Waking is pure joy. The air is still crisp, the sun is just starting to rise and the birds are singing. I think every day should begin this way. I am on the road by 6:30am and witness the sun slowly rising over the hills casting a golden glow over the crop fields. The golden hour lasts a long time here compared with at home. It’s like the sun is lazily saying hello and enjoying the moment. At home, the sun is high in the sky within minutes. While I am missing that short sharp rise of the bright orange star, I am enjoying this slow steady wake up call too. It’s creates an air of relaxation and pleasure.
The Danube is gorgeous in this light. Everything reflects and her waters are more black than muddy brown. Today I will again follow the Euro Velo 6. I am headed for Komarom, which straddles the Danube in both Hungary and Slovakia. The Hungarians call it Komarom while the Slovakians call the same city Komarno. But I am not there yet.
My first stop is Esztergom with its famous imposing basilica. I stop at a shop to buy my breakfast: a breadroll, banana, yoghurt and chocolate milk. I love that bread, fruit and vegetables are easy to buy here after the steady diet of rice and noodles in Asia. I take the food to a park under the basilica and castle. The second photo above is my breakfast view. Pretty sweet hey. I never do work out how to get up to the basilica. It is probably really simple; I must be approaching from the incorrect side and have missed a sign. But it doesn’t matter because sometimes these places are more amazing from a distance than close up.
Esztergom has three separate town squares. I don’t know why but all are grand. I can imagine that this evening there will be many people sitting at the restaurants along the other side of this square where tables and chairs are set up under shady trees. I’m feeling content on the bike. Perhaps it’s because I am feeling fit after Japan and maintaining some cycle fitness while at home. Maybe it’s the summer sun and ease of knowing that there will be a comfortable camping ground available at the end of every day. Whatever it is, I am not over thinking it because that will spoil the joy.
Villages come and go along the road. Most are marked with tall church steeples and red tiled roofs. Almost all are surrounded by farmlands that separate them from their neighours. It’s a landscape so normal for Europe but so foreign to me. I spin along past old structures like barns and hay stores. After months of riding through rice fields it strikes me that there are none here (obviously). Rather, I think the main crop looks like wheat and grass. There’s an old style about some of the people here. Horses still pull carts and so do lawn mowers. I guess it’s a case of making the best with what you have. Poppies dot redness across everything.

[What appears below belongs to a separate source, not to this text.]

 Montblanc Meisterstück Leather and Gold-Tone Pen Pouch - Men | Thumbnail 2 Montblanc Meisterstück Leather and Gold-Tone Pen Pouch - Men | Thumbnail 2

They line the roadside and stand tall in wheat fields.
I reach Komarom by lunch time and have a choice of three camping grounds. All cost about the same for the camping but one has a thermal pool. I decide to camp here because, well, there is a thermal pool and also the wifi is strong. I have every good intention of making use of the wifi to knock out some work but it doesn’t happen. Rather, I spend an hour relaxing in the thermal bath and then don’t want to waste that calm sensation.
Instead, I cruise into town to buy some groceries, stopping for bakery and ice cream. I pick up a tourist map from the visitor center but it’s now after 4pm and I feel too relaxed to bother with the sights. So I content myself with standing on Elizabeth Bridge looking down along the Danube at from where I have come. And crossing briefly into Slovakia just to say I did, even if only for about 100m.
When I came to Hungary I thought I would be exploring museums and castles but it turns out that, instead, I am exploring the sensation of European Summer along with the many campers from Holland and Germany who are escaping the last of spring’s cold rains. They are everywhere; older Europeans with campervans and caravans driving from place to place and looking for the best bargain. Rather like the grey nomads at home, these retirees are friendly, social and like to while away the long evening hours with good food and wine. Being around them makes me slow down, listen to the birds and enjoy my day.